How large are the benefits of transportation infrastructure projects, and what explains these benefits? To shed new light on these questions, I collect archival data from colonial India and use it to estimate the impact of India’s vast railroad network. Guided by six predictions from a general equilibrium trade model, I find that railroads: (1) decreased trade costs and interregional price gaps; (2) increased interregional and international trade; (3) eliminated the responsiveness of local prices to local productivity shocks (but increased the transmission of these shocks between regions); (4) increased the level of real income (but harmed neighboring regions without railroad access); (5) decreased the volatility of real income; and (6), a sufficient statistic for the effect of railroads on welfare in the model accounts for virtually all of the observed reduced-form impact of railroads on real income. I find similar results from an instrumental variable specification, no spurious effects from over 40,000 km of lines that were approved but never built, and tight bounds on the estimated impact of railroads. These results suggest that transportation infrastructure projects can improve welfare significantly, and do so because they allow regions to exploit gains from trade.

Easterly on Chang

Saturday, September 19th, 2009

Bill Easterly, writing on the “anarchy of success” in the New York Review of Books, isn’t very fond of the policy recommendations in Ha-Joon Chang’s Bad Samaritans. As the book has been out for nearly two years, I suspect that his criticisms won’t deter many sales. Easterly’s bottom line is that “third-world growth seems to have been fairly expert-proof.”
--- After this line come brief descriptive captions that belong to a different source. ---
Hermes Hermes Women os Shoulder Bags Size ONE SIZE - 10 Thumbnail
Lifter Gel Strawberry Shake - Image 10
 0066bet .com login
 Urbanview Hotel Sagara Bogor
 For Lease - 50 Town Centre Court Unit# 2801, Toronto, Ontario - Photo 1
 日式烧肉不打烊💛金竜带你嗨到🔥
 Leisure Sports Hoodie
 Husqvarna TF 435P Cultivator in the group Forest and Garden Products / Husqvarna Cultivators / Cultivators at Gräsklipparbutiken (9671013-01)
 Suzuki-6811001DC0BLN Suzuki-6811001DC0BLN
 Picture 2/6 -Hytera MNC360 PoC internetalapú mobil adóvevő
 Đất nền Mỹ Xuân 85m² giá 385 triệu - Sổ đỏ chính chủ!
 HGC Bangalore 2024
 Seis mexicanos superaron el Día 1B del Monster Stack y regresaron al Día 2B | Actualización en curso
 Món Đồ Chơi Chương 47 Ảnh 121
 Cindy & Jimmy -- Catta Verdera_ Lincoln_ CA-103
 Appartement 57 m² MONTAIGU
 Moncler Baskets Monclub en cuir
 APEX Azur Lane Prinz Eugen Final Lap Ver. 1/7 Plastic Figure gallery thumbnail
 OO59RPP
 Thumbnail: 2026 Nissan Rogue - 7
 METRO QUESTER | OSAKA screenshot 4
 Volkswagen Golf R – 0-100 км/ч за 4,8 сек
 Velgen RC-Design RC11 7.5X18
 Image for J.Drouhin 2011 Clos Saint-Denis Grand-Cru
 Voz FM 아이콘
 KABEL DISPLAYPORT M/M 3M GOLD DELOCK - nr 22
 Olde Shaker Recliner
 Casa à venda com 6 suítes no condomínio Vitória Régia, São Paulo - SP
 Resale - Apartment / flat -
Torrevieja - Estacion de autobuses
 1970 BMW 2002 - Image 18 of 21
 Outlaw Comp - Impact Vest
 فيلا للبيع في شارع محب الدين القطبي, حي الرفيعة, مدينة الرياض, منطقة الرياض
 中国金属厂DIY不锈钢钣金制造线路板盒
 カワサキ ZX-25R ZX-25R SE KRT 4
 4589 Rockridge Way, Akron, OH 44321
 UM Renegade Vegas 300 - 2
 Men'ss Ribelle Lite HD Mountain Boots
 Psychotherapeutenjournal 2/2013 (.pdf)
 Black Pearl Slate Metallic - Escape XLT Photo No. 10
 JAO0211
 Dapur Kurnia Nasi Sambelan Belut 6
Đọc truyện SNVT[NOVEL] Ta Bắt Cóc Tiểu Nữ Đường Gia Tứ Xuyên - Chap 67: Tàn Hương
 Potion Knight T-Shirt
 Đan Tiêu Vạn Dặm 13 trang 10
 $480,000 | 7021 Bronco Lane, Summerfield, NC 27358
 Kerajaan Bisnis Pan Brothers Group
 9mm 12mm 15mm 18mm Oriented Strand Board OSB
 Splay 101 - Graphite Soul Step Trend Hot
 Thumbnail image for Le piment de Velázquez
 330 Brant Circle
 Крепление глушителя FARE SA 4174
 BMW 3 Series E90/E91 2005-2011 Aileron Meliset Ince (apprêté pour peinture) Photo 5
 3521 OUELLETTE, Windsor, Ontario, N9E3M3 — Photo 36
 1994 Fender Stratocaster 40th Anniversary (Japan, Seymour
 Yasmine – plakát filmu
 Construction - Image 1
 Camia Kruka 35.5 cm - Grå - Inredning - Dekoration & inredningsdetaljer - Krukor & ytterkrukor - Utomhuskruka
Against aggregative theories of growth

Monday, September 14th, 2009

Abhijit Banerjee and Esther Duflo make the case against aggregative theories of economic growth:

The premise of the aggregative approach to growth was that markets function well enough within countries that we can largely ignore the fact that there is inefficiency and unequal access to resources within an economy when we are interested in dynamics at the country level. The evidence suggests that this is not true: The cross-country differences in marginal products or technology that we want to explain are of the same order of magnitude as the differences we observe within each economy. A theory of cross-country differences has to based on an understanding and an acknowledgment of the reasons why rates of returns vary so much within each country.